Fun fact: In Albania, the groom is fed to a giant spider the day of his wedding. If his bleached bones are subsequently spat out by high noon, the ceremony may begin in good faith, for the dead groom’s love is true and everlasting.
Actually, that’s not even remotely true, but it’s hardly more outlandish than some of the truly bizarre wedding traditions practiced throughout the world.
From covering the bride in sewage to forcing newlyweds to eat tissue paper, here are seven of the most peculiar wedding rituals in the world. (Trigger warning: Intensely graphic purple prose about cutting open baby chicks follows.)
In Mexico, couples tie the knot with “The Lasso”
A wedding lasso rosary called el lazo has long been a tradition in Spanish, Filipino, and Mexican cultures. Right after vows are exchanged, eager wedding witnesses tie the unwieldy rope around the bride and groom’s shoulders, tying it into the number 8 (the infinity symbol). Some ceremonies get even witchier, as family members weave various glinting crystals and orange flowers into the rope.
In China, the bride and groom cut open a chick to decide their wedding day
For generations, engaged couples have been trying to suss out the best day to hold their nuptials. One Chinese tradition has this down to a grisly science: The bride and groom gleefully cut into a baby chick and inspect its liver. If the liver looks healthy, they can safely choose a date.
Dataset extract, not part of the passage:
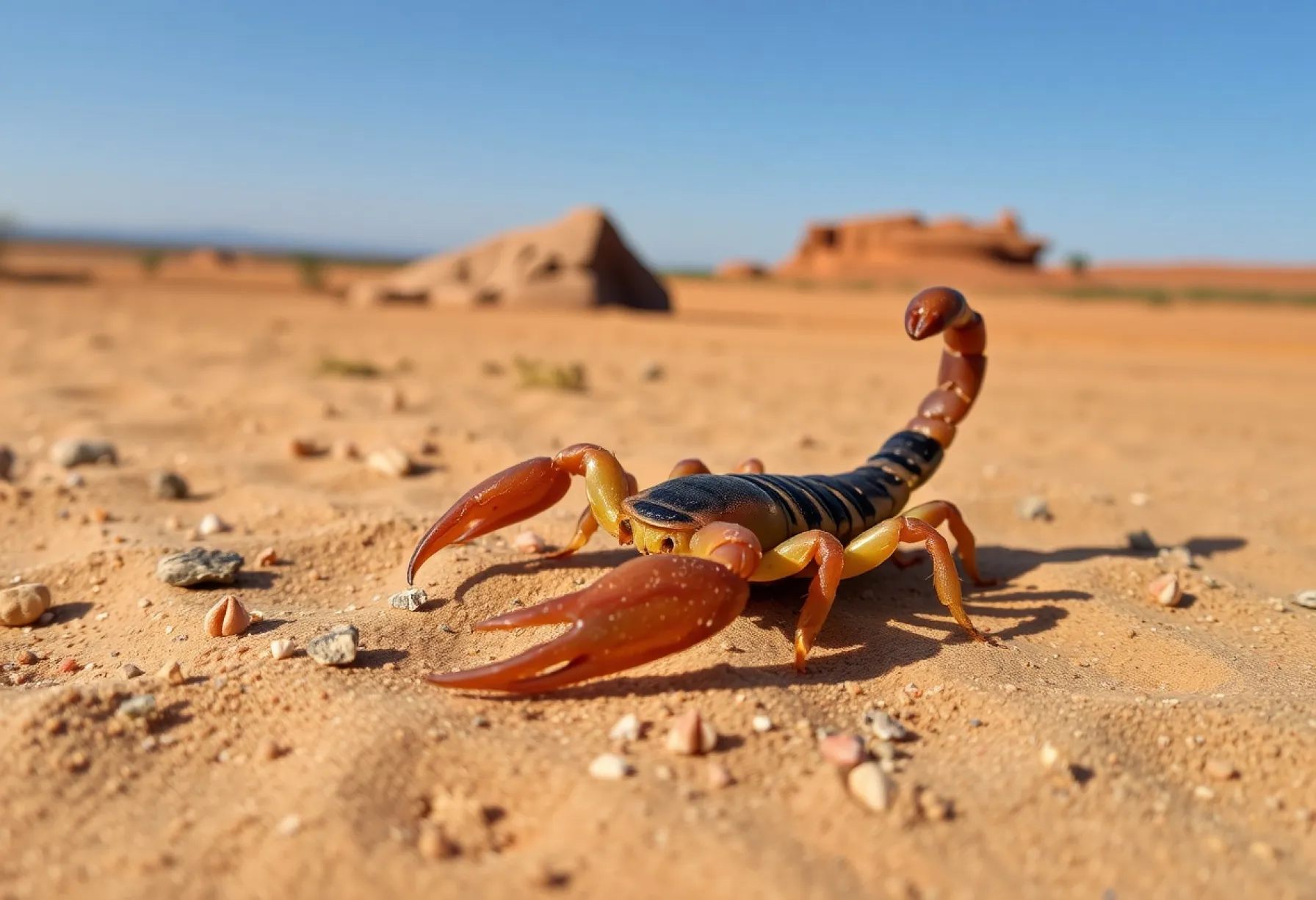 Skorpion in nordafrikanischer Wüstenlandschaft: Verhalten und Umgebung im Detail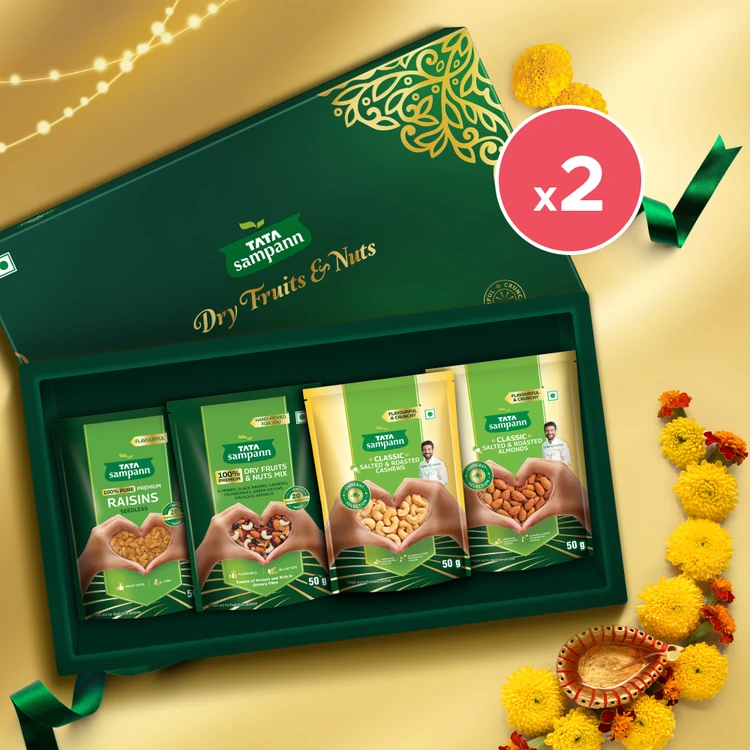 Tata Sampann Nuts & Dry Fruits Gift Pack - Pack of 2 (Dry Fruits Udugore Pack)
If the liver looks unhealthy, they have to try again tomorrow. Oh, one quick question: How healthy does any liver look once it’s been wrenched out of a fatally stabbed carcass?
In Scotland, they “blacken the bride” and it’s super-obnoxious
Pre-wedding jitters, anyone? In this bizarro ritual, so-called friends of the bride (and occasionally the groom) descend upon the newlywed on a chosen day before the wedding. They then proceed to douse her in a scummy soup of rotting fish, flour, old feathers, and noisome tripe. The besotted and, we imagine, shrieking subject is then merrily paraded through town, much to the sadistic delight of onlookers. Interestingly, statistics suggest people in Scotland still get married to this day.
In France, the “le Pot de Chamber” is exactly what you fear it is
Wedding tradition, or alarmingly unsanitary hazing ritual? This sick-making custom involves filling an actual chamber pot with all manner of sewage: stale beer, moist crumbles of cake, sausages, and chocolate (this last to symbolize the stuff that normally goes in a chamber pot), and even fetid mounds of wet toilet paper. And then? The bride and groom are forced to drink from the chamber pot, choking down as much of the unholy swill as they can.
In Russia, grooms “buy out the bride” (“vykup nevesty”)
In Russia, grooms have to overcome a veritable gauntlet before getting to the bride. At the door of the bride’s home, the groom is intercepted by a gaggle of troublemaking bridesmaids, who order him to go through several challenges before entering. He’ll be asked to sing, dance, recite poems, and sometimes must pay a ransom or else wind up with an alterna-bride (usually a burly male friend in a dress). Once he pays off the hordes with enough candy and riches, he’s finally gained access to the house and can now marry his chosen.
In China, grooms shoot the bride to show their love is true?
There’s true romance… and then there’s whatever the hell this is. Shooting three arrows at the bride to ensure long-lasting romance might sound counterintuitive, but that’s what we’re up against here with this particular wedding custom. It’s not quite as homicidal as it sounds: None of the arrows are adorned with arrowheads, and the groom snaps each arrow in half to symbolize the undying nature of their love.
Also in China, hour long “Planned Crying” sessions are totally a thing
There, there. China’s Tujia people insist that all brides “cry” for an hour every day for a month. For ten days prior to the wedding, the mother joins in to make sure the hour-long wailing is suitably overwrought. Five days into the ceremony, grandmothers join in. It all symbolizes just how happy the bride is to be getting married. Please note: In some cultures, happiness can also be symbolized by smiling and/or laughing.